[Stored data]
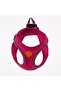 Fuchsia Air-mesh Chest Collar Cat Dog Chest Collar - 3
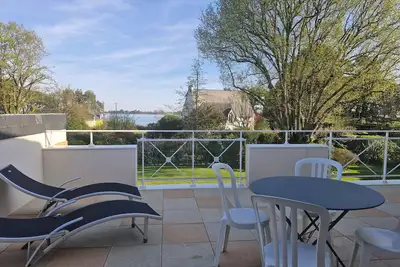 Image de T 2 - Vue sur mer - Arradon- Golfe du Morbihan - Pays de vannes -Bretagne sud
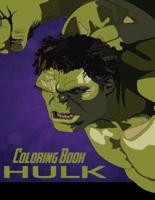 Hulk Coloring Book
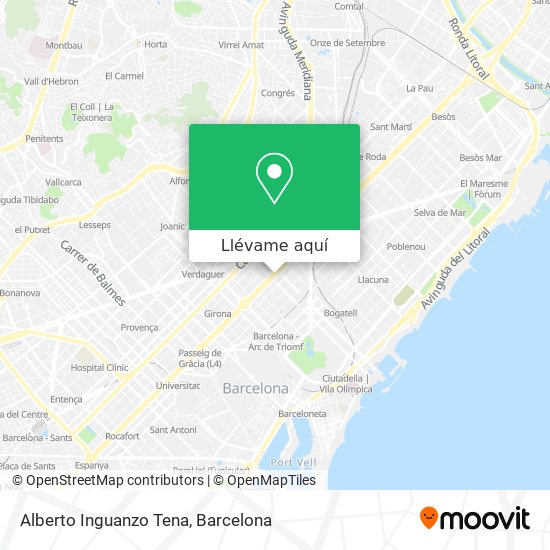 Mapa Alberto Inguanzo Tena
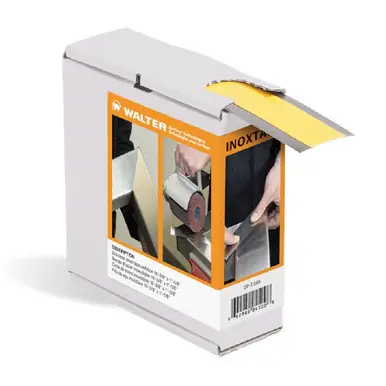 WALTER 07T105 - INOX Tape, 30‘ x 3/4" x 0.01" SSD w/ 07T100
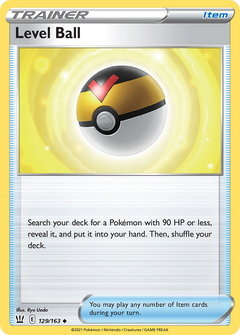 Level Ball [SWSH05: Battle Styles] - Deck Out Gaming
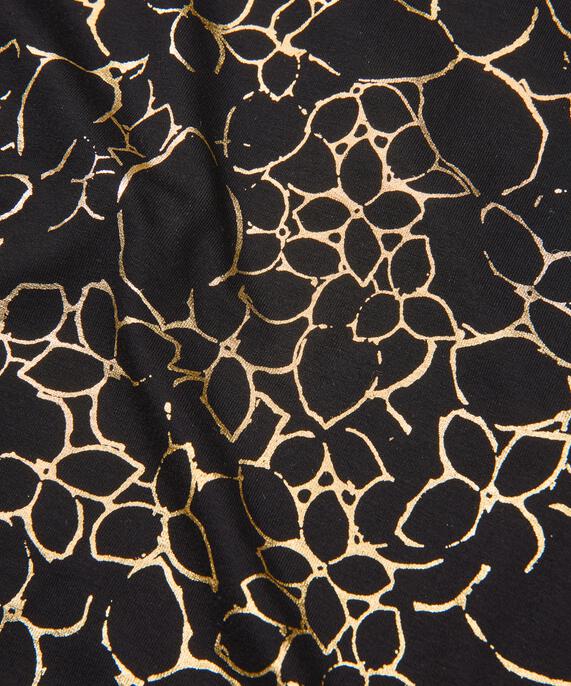 Barr JERSEY Topp, Gold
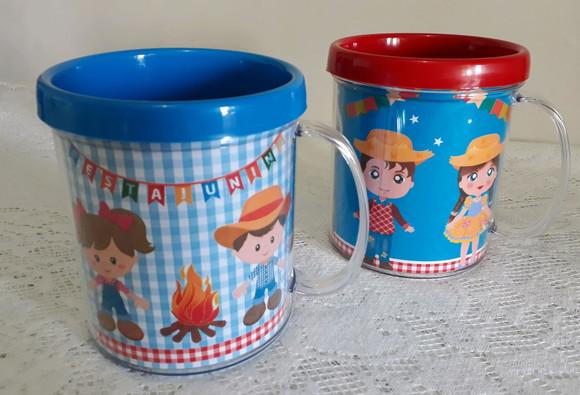 Caneca Festa Junina - 30 Unidades
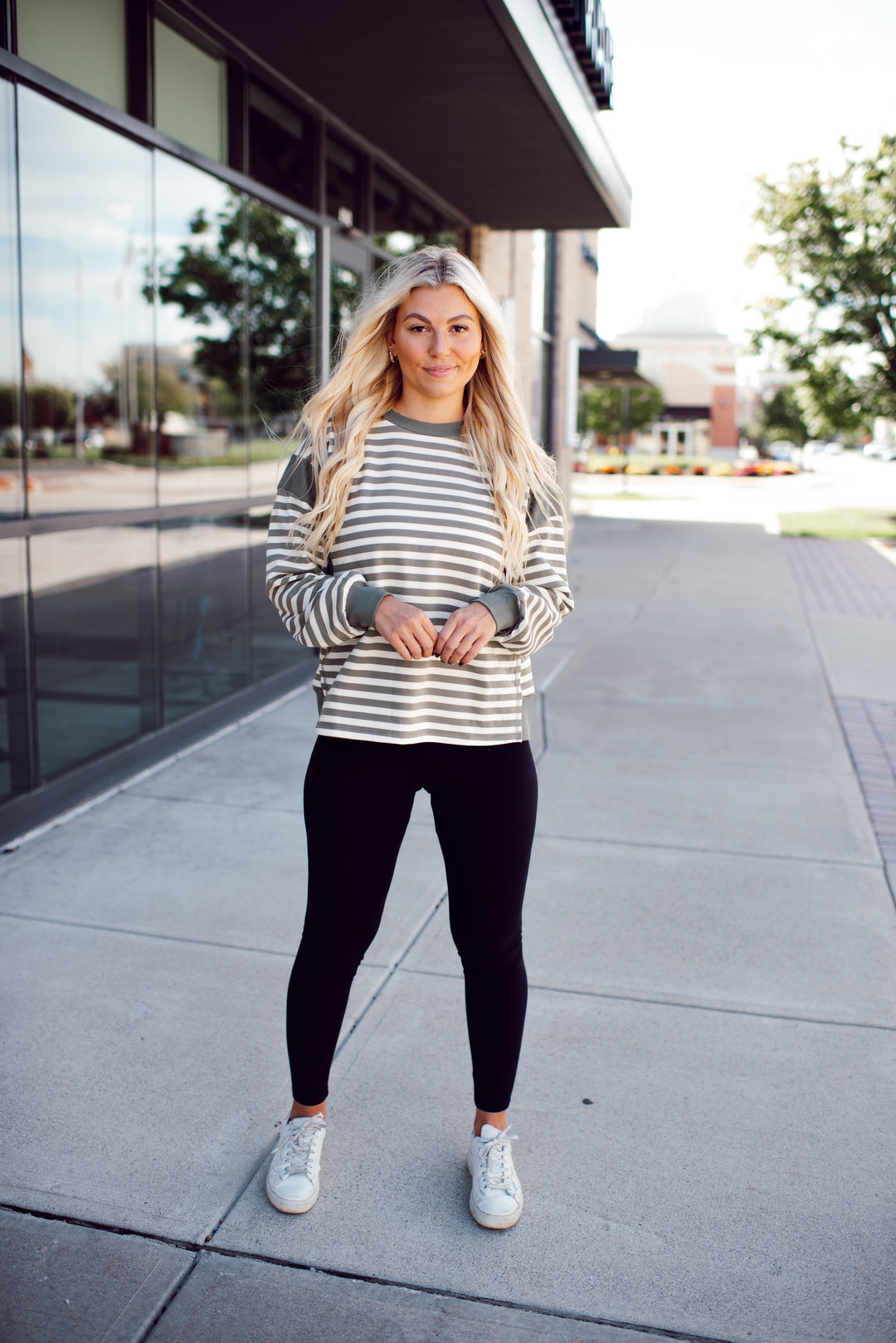 Olive My Love Top (Olive)
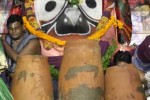 Adhar Pana offered to deities in Puri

→ To do: Give back every entry word for word, and drop the pictures as you go.

→ Problem solution:
 Fuchsia Air-mesh Chest Collar Cat Dog Chest Collar - 3
 Image de T 2 - Vue sur mer - Arradon- Golfe du Morbihan - Pays de vannes -Bretagne sud
 Hulk Coloring Book
 Mapa Alberto Inguanzo Tena
 WALTER 07T105 - INOX Tape, 30‘ x 3/4" x 0.01" SSD w/ 07T100
 Level Ball [SWSH05: Battle Styles] - Deck Out Gaming
 Barr JERSEY Topp, Gold
 Caneca Festa Junina - 30 Unidades
 Olive My Love Top (Olive)
 Adhar Pana offered to deities in Puri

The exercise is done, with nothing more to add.